──────── Entries provided ────────
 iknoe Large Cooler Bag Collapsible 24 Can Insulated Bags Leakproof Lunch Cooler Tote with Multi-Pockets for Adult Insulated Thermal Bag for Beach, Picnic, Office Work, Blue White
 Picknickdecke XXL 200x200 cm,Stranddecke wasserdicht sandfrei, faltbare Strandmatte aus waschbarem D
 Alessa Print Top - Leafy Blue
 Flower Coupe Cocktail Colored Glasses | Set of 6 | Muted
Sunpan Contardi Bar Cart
────────
──────── Entries provided ────────
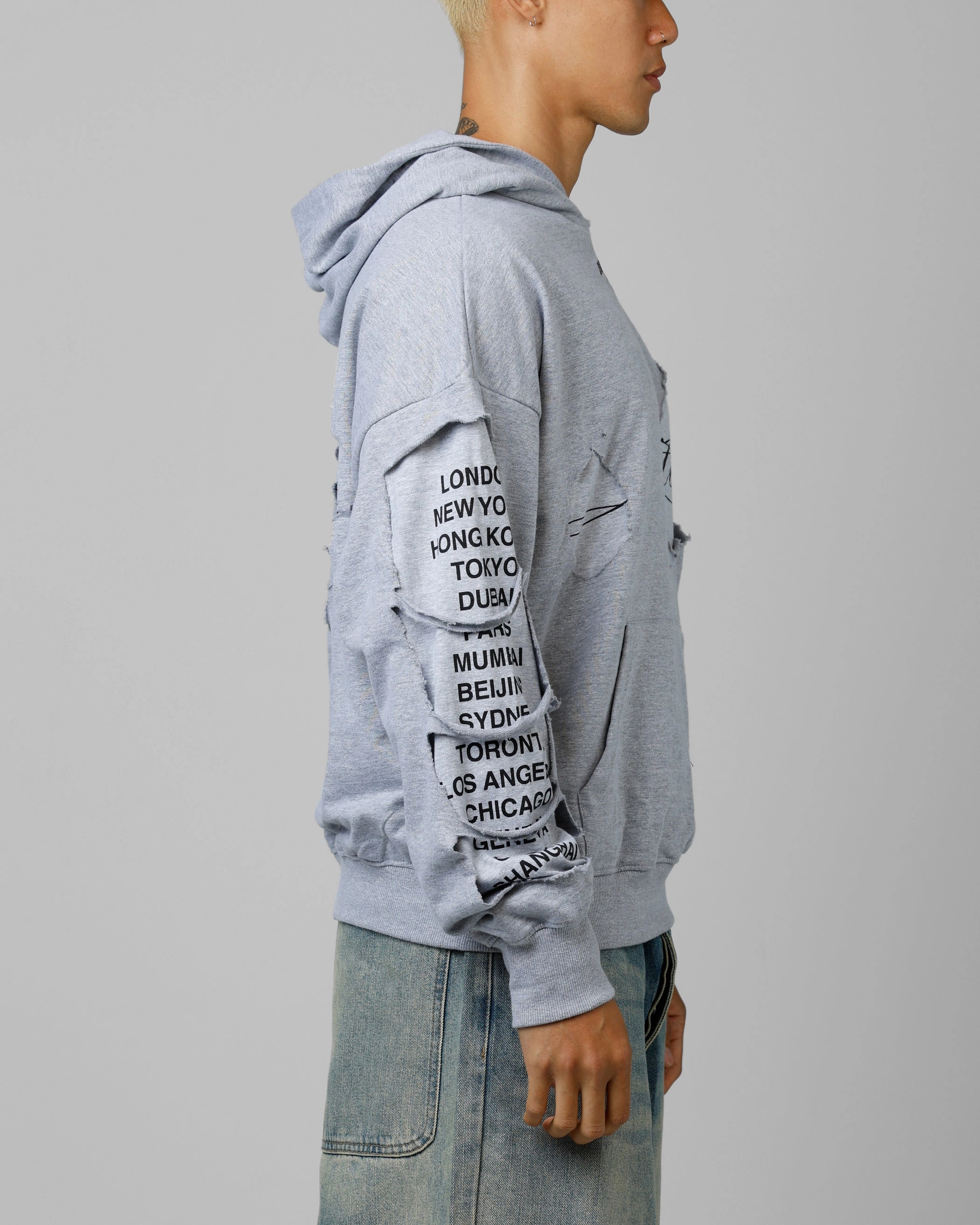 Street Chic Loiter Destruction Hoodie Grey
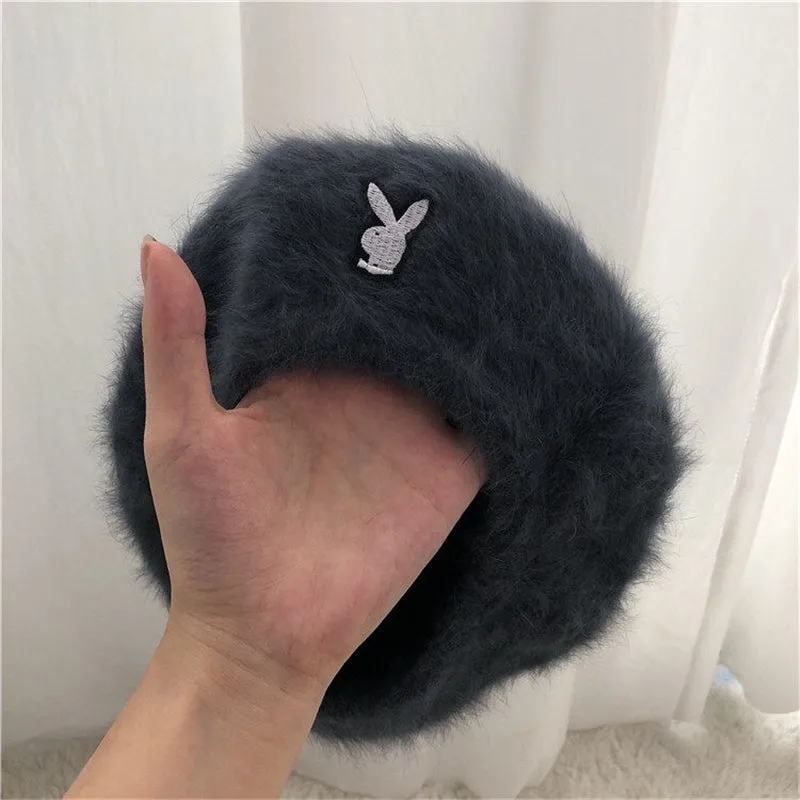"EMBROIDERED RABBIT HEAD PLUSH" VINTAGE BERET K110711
────────
Problem:
Go line by line through the material above and return each one that includes "Blue".

Result of the exercise:
 iknoe Large Cooler Bag Collapsible 24 Can Insulated Bags Leakproof Lunch Cooler Tote with Multi-Pockets for Adult Insulated Thermal Bag for Beach, Picnic, Office Work, Blue White
 Alessa Print Top - Leafy Blue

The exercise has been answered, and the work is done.